Format should be user_id, item_id, rating
User_id and item_id should be consecutive
(for the sparse matrix to work)
The __init__ should have dictionaries to go from consecutive id to real id




In [4]:
import pandas as pd
import numpy as np

num_interactions = 100_000

query = f"""
SELECT *
FROM EVIC.ratings
WHERE rating > 3.0
LIMIT {num_interactions}
"""
ratings = pd.read_gbq(query, project_id="spike-sandbox",
                      use_bqstorage_api=True)

In [5]:
unique_users = ratings.user_id.unique()
n_unique_users = len(unique_users)
unique_movies = ratings.movie_id.unique()
n_unique_movies = len(unique_movies)

n_unique_users, n_unique_movies

(2771, 7017)

In [6]:
user_orig_id_to_consecutive_id_dict = {key:value 
                                       for key, value
                            in zip(unique_users, range(1, n_unique_users+1))}

movie_orig_id_to_consecutive_id_dict = {key:value 
                                       for key, value
                            in zip(unique_movies, range(1, n_unique_movies+1))}

In [7]:
consecutive_user_id = np.empty(len(ratings), dtype=np.int)
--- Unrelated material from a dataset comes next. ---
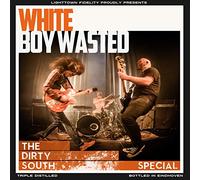 WHITE BOY WASTED - DIRTY SOUTH SPECIAL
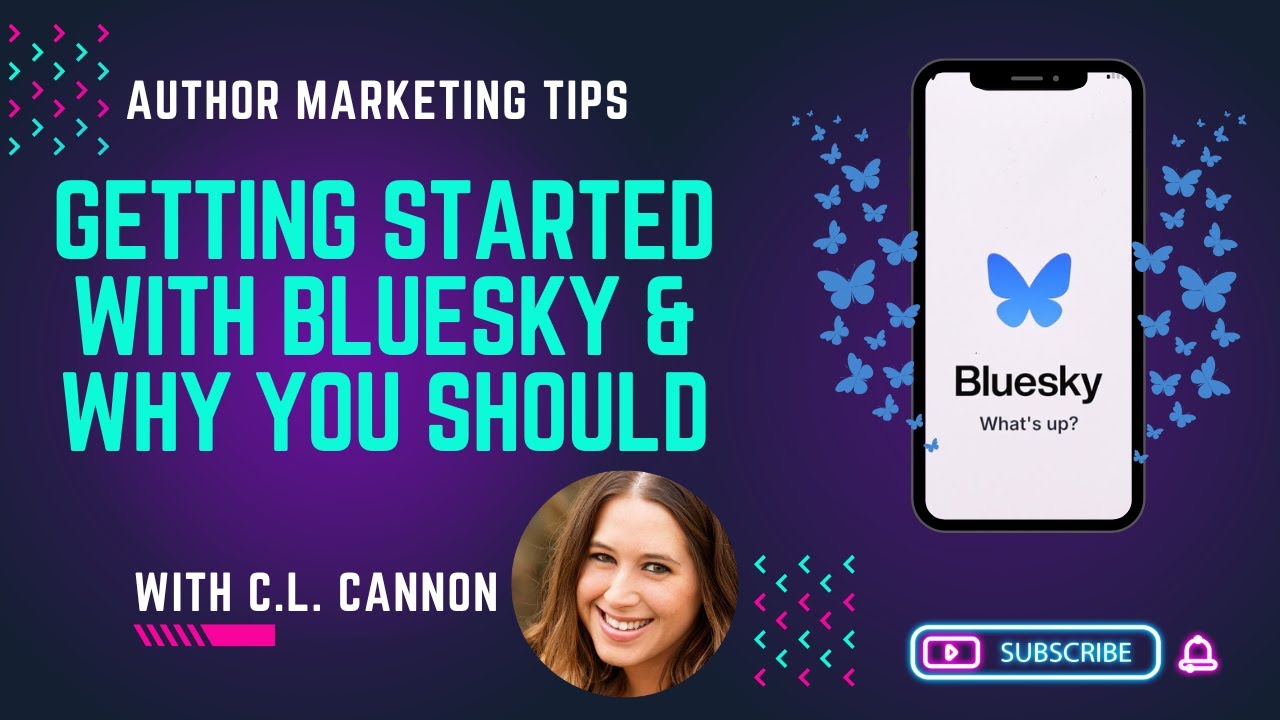 Getting Started On BlueSky & Why You Should - Author Marketing Tips With C.L. Cannon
for j, orig_id in enumerate(ratings.user_id.values):
    consecutive_user_id[j] = user_orig_id_to_consecutive_id_dict[orig_id]

ratings['consecutive_user_id'] = consecutive_user_id

In [8]:
consecutive_movie_id = np.empty(len(ratings), dtype=np.int)

for j, orig_id in enumerate(ratings.movie_id.values):
    consecutive_movie_id[j] = movie_orig_id_to_consecutive_id_dict[orig_id]

ratings['consecutive_movie_id'] = consecutive_movie_id

In [9]:
#Warm start test set: erase random 10% of interactions
test_pct = 0.1
ratings['test'] = (np.random.random_sample(size=len(ratings)) > (1 - test_pct))*1
ratings['rating'] = 1

In [8]:
#Output: evic.test.rating, evic.train.rating
columns = ['consecutive_user_id', 'consecutive_movie_id', 'rating']
ratings.query("test == 1")[columns].to_csv("data/evic.test.rating",
                                           index=False, sep='\t', header=False)
ratings.query("test == 0")[columns].to_csv("data/evic.train.rating",
                                           index=False, sep='\t', header=False)


## Load dataset!

In [10]:
# PyTorch imports
import torch
import torch.nn.functional as F
from torch.autograd import Variable
from torch import nn
from torch.utils.data import Dataset, DataLoader
torch.manual_seed(0)

# Python imports
import argparse
from time import time
import numpy as np
import pickle

# Workspace imports
from src.evaluate import evaluate_model
from src.Dataset import MovieLensDataset
from src.utils import train_one_epoch, test, plot_statistics

# CUDA for PyTorch
use_cuda = torch.cuda.is_available()
device = torch.device("cuda:0" if use_cuda else "cpu")

In [11]:
default_args_dict = {
    "path": "data/",
    "dataset": "evic", # :-)
    "epochs": 18,
    "batch_size": 256,
    "layers": [16, 32, 16, 8],
    'weight_decay': 0.00001,
    "num_neg_train": 4, #'Number of negative instances to pair 
                        #with a positive instance while training'
    "num_neg_test": 100,
    "lr": 0.001,
    "dropout": 0.,
    "learner": "adam",
    "verbose": 1,
    "out": 1 #save trained model or not
}

args = default_args_dict
path = args["path"]
dataset = args["dataset"]
layers = args["layers"]
weight_decay = args["weight_decay"]
num_negatives_train = args["num_neg_train"]
num_negatives_test = args["num_neg_test"]
dropout = args["dropout"]
learner = args["learner"]
learning_rate = args["lr"]
batch_size = args["batch_size"]
epochs = args["epochs"]
verbose = args["verbose"]

In [12]:
topK = 10
t1 = time()
full_dataset = MovieLensDataset(
    path + dataset, num_negatives_train=num_negatives_train,
    num_negatives_test=num_negatives_test)
train, testRatings, testNegatives = (full_dataset.trainMatrix,
                                     full_dataset.testRatings,
                                     full_dataset.testNegatives)
num_users, num_items = train.shape
print("Load data done [%.1f s]. #user=%d, #item=%d, #train=%d, #test=%d"
      % (time()-t1, num_users, num_items, train.nnz, len(testRatings)))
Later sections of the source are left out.